Nutrition per serving
Estimated from ingredients; varies with exact portions and brands.
About Blueberry Pancakes
Blueberry pancakes are an American breakfast standard, the classic fluffy buttermilk-style stack with fresh berries built right into each cake. What sets them apart from plain pancakes is both the burst of jammy, tart-sweet fruit and the tender, cakey crumb that comes from a properly leavened batter. This version is straightforward comfort food: a simple batter of flour, milk, egg, and melted butter, raised with baking powder and served in a stack under a pour of maple syrup. Warm and homey, they are weekend-morning food, the kind of thing made in a family kitchen while the coffee brews.
A couple of small moves make them noticeably better. The batter is mixed only until just combined, because overmixing develops gluten and turns pancakes tough and flat rather than light.
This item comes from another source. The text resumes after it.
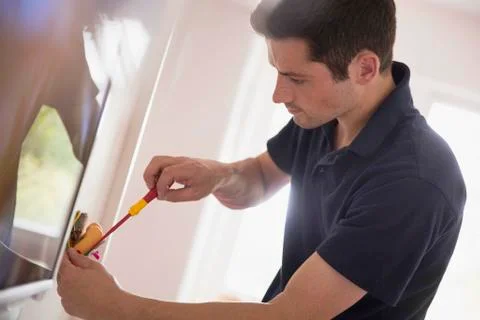 Electrician changing light fixture with tool Stock Photos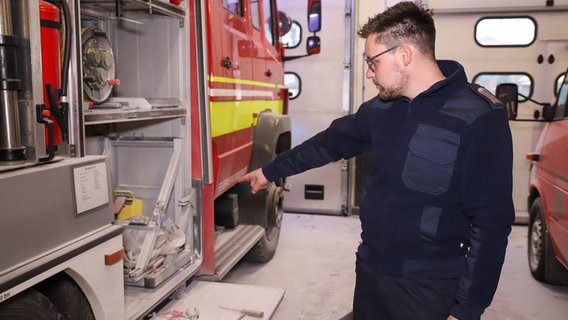 Ein Feuerwehrmann zeigt auf Einbruchsschäden. © Florian Sprenger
It then rests for about five minutes, which lets the baking powder activate and the flour hydrate, giving you a better rise and a more tender cake. The blueberries are scattered onto each pancake after the batter hits the griddle rather than stirred in, which keeps them from bleeding blue-gray streaks through the whole batch and stops them sinking to the bottom. Cook until the surface bubbles set, flip once, and serve the stack hot with butter and maple syrup, and a few extra berries if you have them.
Blueberry Pancakes: frequently asked questions
How many calories are in Blueberry Pancakes?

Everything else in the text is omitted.